Polymerization was continued for 1 hour while charging ethylene to maintain kg/ctRl gauge. Cool the O-l-crepe, purge unreacted ethylene, and reduce the contents to 1!
The mixture was poured into methanol, and insoluble matter was filtered to obtain white powdery polyethylene.

The yield of this powdered polyethylene is 7.1 g, so the activity is 788 kg/molTi + hr.

Comparative Example 1 (a) Preparation of catalyst component In Example 1, a catalyst component was synthesized in the same manner as in Example 1(a) except that the transition metal catalyst component was not used.

(b) Polymerization of ethylene Ethylene was polymerized in the same manner as in (b) of Example-1. In other words, the internal volume is 2! which has been thoroughly dried and replaced with nitrogen! Toluene 66 in an autoclave made of 5O3-32
The above catalyst component (a) (7.7 mmol in terms of aluminum atoms) was charged into the 0rd. Heat the contents of the autoclave to a polymerization pressure of 5 kg/c+I at 50°C.
Polymerization was continued for 1 hour while charging ethylene to maintain I gauge. The autoclave was cooled, unreacted ethylene was purged, and the contents were poured into 11 methanol. No polyethylene was obtained.

Comparative Example 2 (a) Preparation of Catalyst Component In Example 1, a catalyst component was synthesized in the same manner as in Example 1(a) except that trimethylalumina J. was not used.

(b) Polymerization of ethylene Ethylene was polymerized in the same manner as in (b) of Example-1. In other words, the internal volume is 2! which has been thoroughly dried and replaced with nitrogen! Toluene 66 in an autoclave made of 5O5-32
The above catalyst component (a) (0.045 mmol in terms of zirconium atoms) was charged into 0mff1. The contents of the autoclave were heated to 50°C and the polymerization pressure was increased to 5 kg/kg.
Polymerization was continued for 1 hour while charging ethylene to maintain the Cd gauge. Cool the autoclave, purge unreacted ethylene, and reduce the contents to 1! of methanol. No polyethylene was obtained.

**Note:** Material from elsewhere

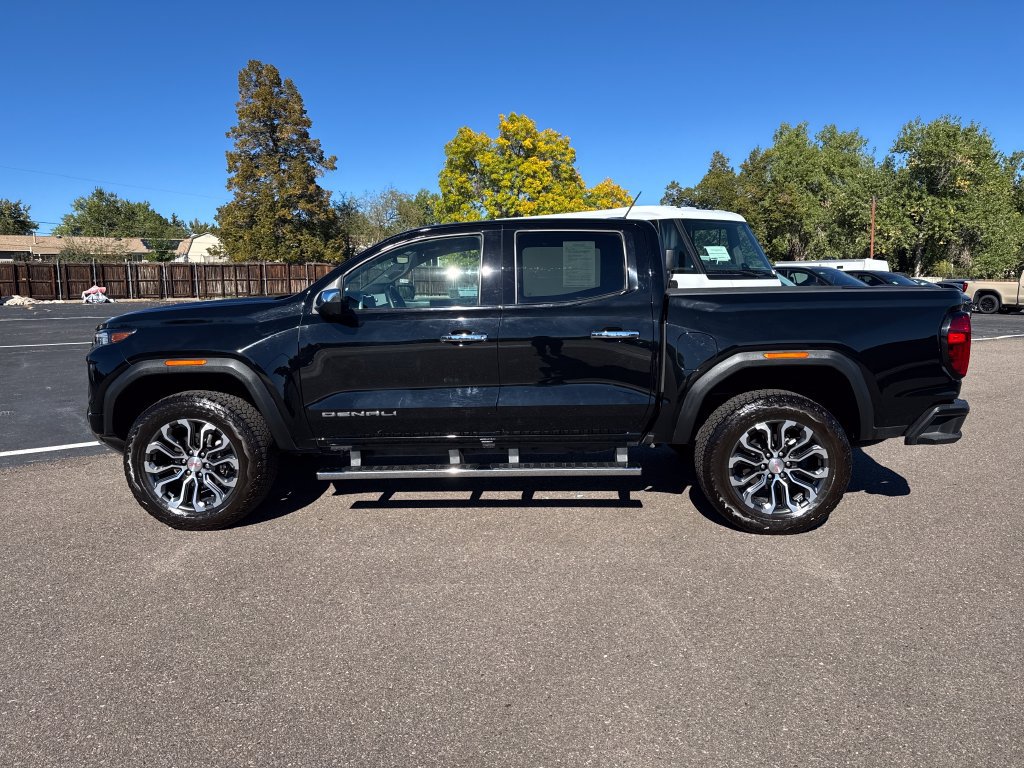 Used 2025 GMC Canyon Denali AWD/4WD image 2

Reference Example-1 As a transition metal compound, dichlorobis(η-cyclopentadienyl)zirconium (m (hereinafter, CpZrCl
Polymerization was carried out in the same manner as in Example 2, except that 0.032 mmol (abbreviated as Z) and 4.8 mmol of methylaluminoxane synthesized by the method of Comparative Example 1 were used to obtain 13.6 g of polyethylene. Activity is 425kg/mol
・It was Zr-hr.

Comparative Example 3 The same procedure as Reference Example 1 was conducted except that CpZrCl 2 and methylaluminoxane were mixed at 25° C. for 1 hour in 10 me of toluene, and then ethylene was polymerized, to obtain 5.6 g of polyethylene. Activity is 175kg/mol'Z
It was r.hr.

Comparative Example 4 Comparative Example 3 was repeated except that CpTiCIz was used instead of CpZrClz, but no polyethylene was obtained.

〔Effect of the invention〕

The catalyst component used in the method of the present invention can be easily synthesized,
It is stable and easy to handle, and it is possible to obtain polymers with high activity, so it has high industrial value.

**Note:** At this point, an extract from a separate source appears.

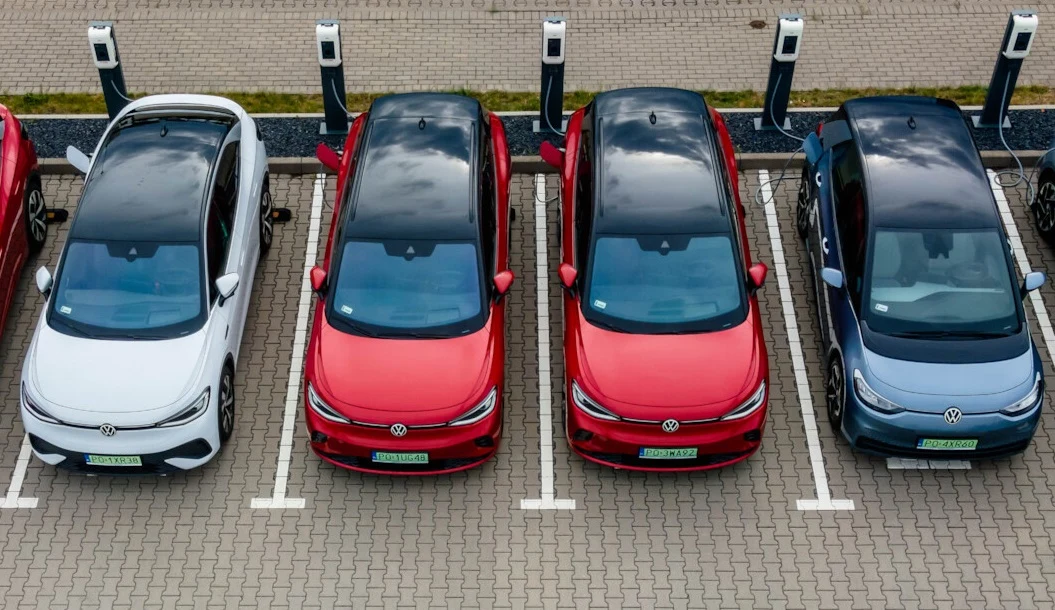 Volkswagen chce aby elektryki stanowiły jeszcze większą część jego sprzedaży, niż pierwotnie zakładał Volkswagen chce aby elektryki stanowiły jeszcze większą część jego sprzedaży, niż pierwotnie zakładał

Patent applicant Mitsui Toatsu Chemical Co., Ltd.

[Brief explanation of the drawing]

FIG. 1 is a diagram to help explain the invention in detail.

Claims (1)

[Claims] A method for polymerizing olefins, characterized in that a reaction product of a group IVA transition metal compound of the periodic table, an organoaluminium compound, and water is used as a catalyst.